Smith‘s last game in charge of Rangers was last Sunday’s 5-1 win over Kilmarnock at Rugby Park which secured the Clydesdale Bank Premier League title by one point from their Old Firm rivals.
The 63-year-old began his retirement by claiming he was pleased to be leaving Scottish football, believing Celtic’s fractious relationships with both match officials and the Scottish Football Association overshadowed the whole season.
But Lennon told the Daily Record: “I think he’s wrong, he’s totally wrong.”
Earlier in the week Celtic defender Mark Wilson had also disputed Smith’s claims saying: “We were right to defend ourselves in the way we did.”

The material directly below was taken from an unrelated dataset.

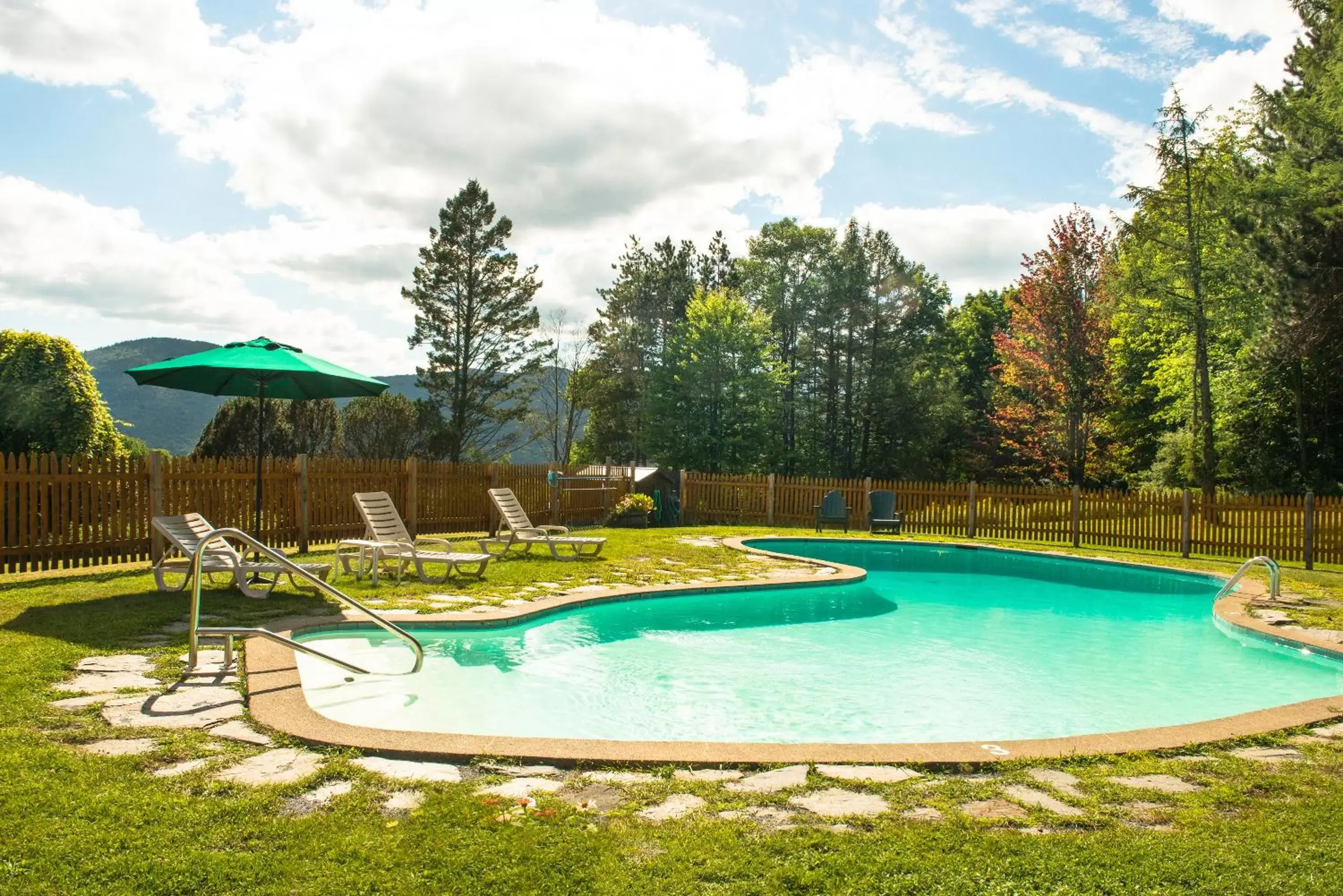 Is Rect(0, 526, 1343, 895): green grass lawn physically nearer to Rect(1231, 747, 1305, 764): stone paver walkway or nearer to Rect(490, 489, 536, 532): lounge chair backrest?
Rect(1231, 747, 1305, 764): stone paver walkway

Wilson referred back to the infamous October 17 clash at Dundee United, when Celtic had a penalty controversially rescinded in their 2-1 win and the subsequent fallout led to referee Dougie McDonald admitting he had lied to Lennon.
McDonald eventually resigned which set off a chain of events leading to a strike in November by Scottish officials.

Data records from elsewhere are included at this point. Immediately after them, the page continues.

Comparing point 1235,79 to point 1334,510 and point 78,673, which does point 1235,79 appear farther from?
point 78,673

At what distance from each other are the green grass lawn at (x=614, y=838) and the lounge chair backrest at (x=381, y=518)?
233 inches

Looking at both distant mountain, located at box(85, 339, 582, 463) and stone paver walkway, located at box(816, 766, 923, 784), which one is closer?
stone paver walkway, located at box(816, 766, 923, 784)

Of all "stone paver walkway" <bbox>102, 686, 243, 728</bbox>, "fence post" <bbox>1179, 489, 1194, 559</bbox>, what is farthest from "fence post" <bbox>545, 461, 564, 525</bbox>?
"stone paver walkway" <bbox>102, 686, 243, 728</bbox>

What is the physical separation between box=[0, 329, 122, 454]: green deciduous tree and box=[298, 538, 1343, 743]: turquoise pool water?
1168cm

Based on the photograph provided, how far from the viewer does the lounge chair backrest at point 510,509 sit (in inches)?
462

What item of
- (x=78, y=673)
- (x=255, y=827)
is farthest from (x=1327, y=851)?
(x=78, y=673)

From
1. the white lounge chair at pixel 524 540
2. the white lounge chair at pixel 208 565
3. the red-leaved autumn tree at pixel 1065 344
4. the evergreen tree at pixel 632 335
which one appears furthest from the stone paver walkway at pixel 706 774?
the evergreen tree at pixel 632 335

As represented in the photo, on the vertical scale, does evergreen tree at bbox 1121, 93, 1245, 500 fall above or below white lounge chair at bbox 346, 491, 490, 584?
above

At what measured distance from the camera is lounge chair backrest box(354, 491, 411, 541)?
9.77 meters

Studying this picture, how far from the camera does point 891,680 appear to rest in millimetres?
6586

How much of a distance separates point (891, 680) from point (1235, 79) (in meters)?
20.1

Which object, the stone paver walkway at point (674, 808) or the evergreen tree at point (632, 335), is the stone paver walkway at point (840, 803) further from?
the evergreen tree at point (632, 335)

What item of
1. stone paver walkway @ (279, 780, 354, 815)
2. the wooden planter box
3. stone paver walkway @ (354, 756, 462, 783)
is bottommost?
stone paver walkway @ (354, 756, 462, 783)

Asked what he thought of Smith’s comments, Lennon said: “I don’t think a lot of it at all. I was disappointed by it.
“He could have spoken to me about it first. He had plenty of opportunities to do that. I didn’t think there was any real need for it either. Mark Wilson hit the nail on the head earlier this week.
“Listen, I went to the referee’s room and the guy didn’t tell me the truth. Then his assistant came out two days later and blew the whistle on him. I didn’t, our club didn’t. They did.

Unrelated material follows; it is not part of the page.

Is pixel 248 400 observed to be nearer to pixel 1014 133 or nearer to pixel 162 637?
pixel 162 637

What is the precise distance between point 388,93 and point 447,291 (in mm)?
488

“Then there were cover-ups and non-truths. It led me to think, ’Well, I’m not the first Celtic manager not to be told the truth.’
“You know, I wasn’t even going to go in to the room that day. It was the SPL match delegate who told me to go in and get a clarification on it.
“Again, our club were just looking for transparency. I don’t think that’s a lot to ask for. I mean, you being lied to.
“It’s not even a major lie, but it just grew and grew and grew into something they created themselves.”
Lennon refused to accept the implication that he personally was to blame.
“Have I done that?” he said. “Have I fuelled it? What set the tone? So if another manager had gone in and the whole thing got exposed, would they be pleased about it? Would they?”
Lennon insists he will continue to fight for what be believes is right.
“If I see unfairness or something I don’t think is right, then I will speak up about it,” he said. “I don’t see anything wrong with that. If any other manager wants to do it for his club, then I don’t see anything wrong with that either.
“If I get criticised for it, fine. You get criticised for doing things as the Celtic manager anyway. You’re damned if you do and damned if you don’t.”